Restiamo ancora un po’ nello Sperone d’Italia, il Gargano, tuttavia l’autrice ci porta sulla sua cima più alta, laddove si trova l’antenna garganica. Il Monte Sant’Angelo, luogo di apparizioni, nel passato una delle tappe fisse durante i pellegrinaggi, diventa il protagonista insieme ai racconti legati alla leggenda dell’Arcangelo Michele (Alberti 1951: 25–27). Come è possibile osservare dalle parole di Giuliani, in queste pagine si nota la formazione laica della scrittrice polacca, che utilizza un percorso descrittivo personalizzato (Giuliani 2009: 142).
Il campanile alletta l’immaginario della scrittrice e perciò ai suoi occhi diventa una sorta di antenna che collega la grotta e il cielo, abbattendo qualsiasi barriera, comunicando i diversi messaggi di pace di tutto il mondo (Alberti 1951: 27).
Sotto le ali dell’Arcangelo giungiamo fino alla grotta di Monte Sant’Angelo, dove l’eco della guerra rimbomba come un grande frastuono attraverso le parole dell’Alberti. Lo scendere le scale le riporta in mente il momento in cui si rifugiava in cantina dopo aver udito il suono dell’allarme bomba (Alberti 1951: 29). Le ali sotto le quali si ritrovano i due coniugi sono quelle della <Porta alata> della Basilica di Monte Sant’Angelo, quelle della statua dell’Arcangelo, eppure il desiderio dell’autrice è il poter creare delle ali, che ci permettano di rimettere a nuovo le nostre vite (Alberti 1951: 28–30). È interessante come non si soffermi sulla descrizione dei pellegrinaggi, ma piuttosto decida di presentarci i dettagli della statua dell’Arcangelo.

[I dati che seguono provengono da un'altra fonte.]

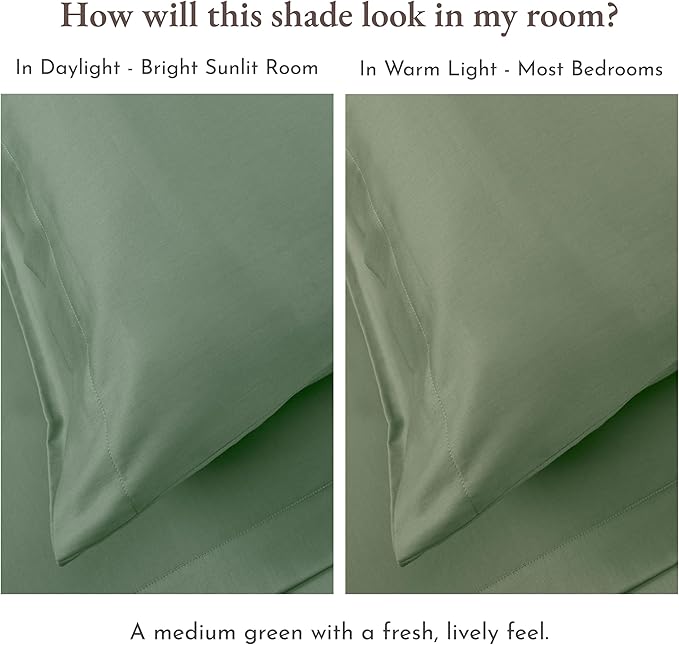 California Design Den Natural 100% Cotton Bed Sheets King Size Set with Deep Pockets - Soft Sateen King Sheet Set, Breathable and Durable Bedding (Sage Green - Dark)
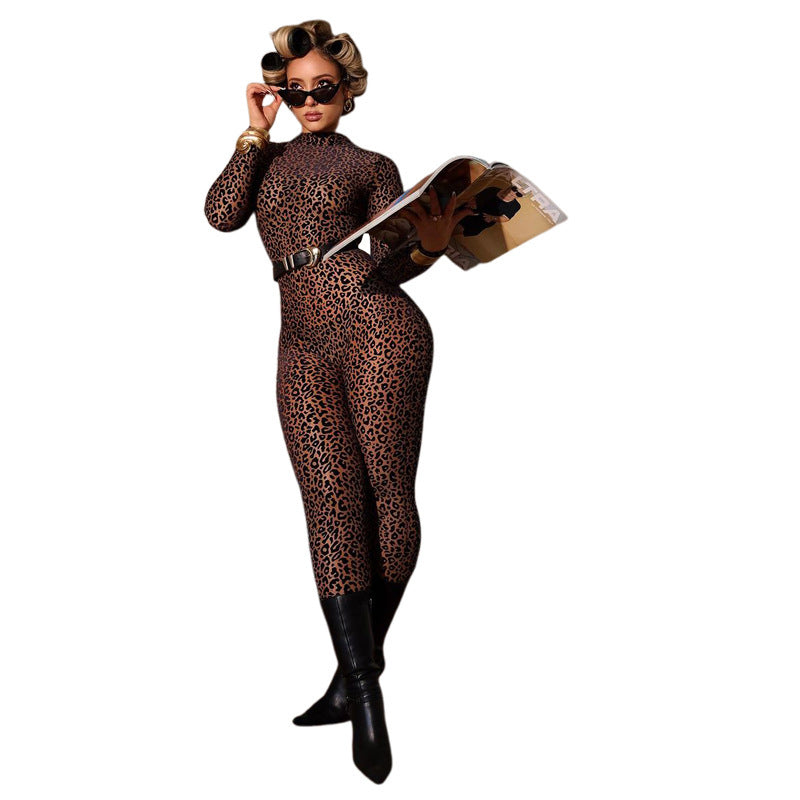 Sexy Leopard Print High-Waist Long-Sleeve Jumpsuit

Successivamente, Kazimiera Alberti ci propone uno dei segreti pugliesi per antonomasia: l’enigma della Tomba di Rotari. L’invito che ci porge in questo caso è quello di provare a risolvere diversi rebus: la funzione del monumento, il quadrato che non sembra un quadrato, i capitelli, delle scale che non portano da nessuna parte e così via… (Alberti 1951: 30–33).
Cerca di smorzare i luoghi comuni creati sulla gente del Sud Italia:
[La] gente [ha] una certa gentilezza e socievolezza, ed un più dolce modo d’agire e di ospitalità. Il pugliese che in genere è abbastanza arido e non fraternizza molto, a Monte Sant’Angelo si è mutato in un uomo piacevole e pieno di cortesia (Alberti 1951: 35).
Non mancano qui descrizioni dei monumenti e anche una riflessione sulla morte dello studioso Giovanni Tancredi, lodato dall’Alberti perché era stato in grado di promuovere al meglio la sua terra, il Gargano. Qui possiamo condividere con la coppia un episodio ricco di folklore, che appaga le aspettative dell’autrice polacca, mangiando del pane e bevendo del vino in quel di Monte Sant’Angelo (Alberti 1951: 33–37).